But note I said reactive-banana offers the preeminent interface, not implementation (though its implementation is neat). Its API is clean, concise, and presents the two core FRP abstractions, Event and Behavior, with about as little incidental complexity as possible. Leak-free higher-order FRP is supported with minimal additional machinery.

In summary, reactive-banana is a great way to get comfortable with the essence of FRP. Maybe I wouldn’t board an aircraft powered by bananas and barbed wire (ok, now I’m mixing metaphors).

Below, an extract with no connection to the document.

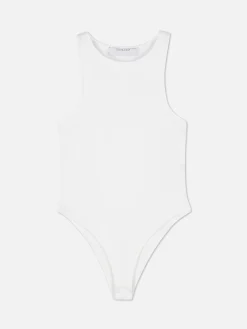 Hauts Et T-Shirts|Primark Body Sans Manches à Col Nageur Blanc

By the way, Dynamic is just a pair of Behavior with an Event that is known to be the source of its “changes” (in air quotes, because a Behavior whose underlying Event that emits a value “equal” to its previous, for example, would not be noticeable in the semantics of the Behavior). It’s easy to build and use this abstraction with reactive-banana’s API, if you’d like.

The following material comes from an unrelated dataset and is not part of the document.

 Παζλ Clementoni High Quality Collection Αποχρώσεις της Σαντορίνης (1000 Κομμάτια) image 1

Okay, I understand you. I definitely agree that the combinator names in reflex are sometimes bewildering. Why would you call it ffilter instead of filterEvent or something obvious like that, for instance? But completeness of the API, and especially working with a lot of standard type classes, are also very nice things about the quality of the API.

Yes, I understand about Dynamic, but in the end it’s just a phenomenally useful and simplifying combination of Event and Behavior, so it’s nice to have it around and have combinators that work well with it! My personal opinion is that, despite the trivial implementation, Dynamic as a concept is one of the great success stories of the reflex API.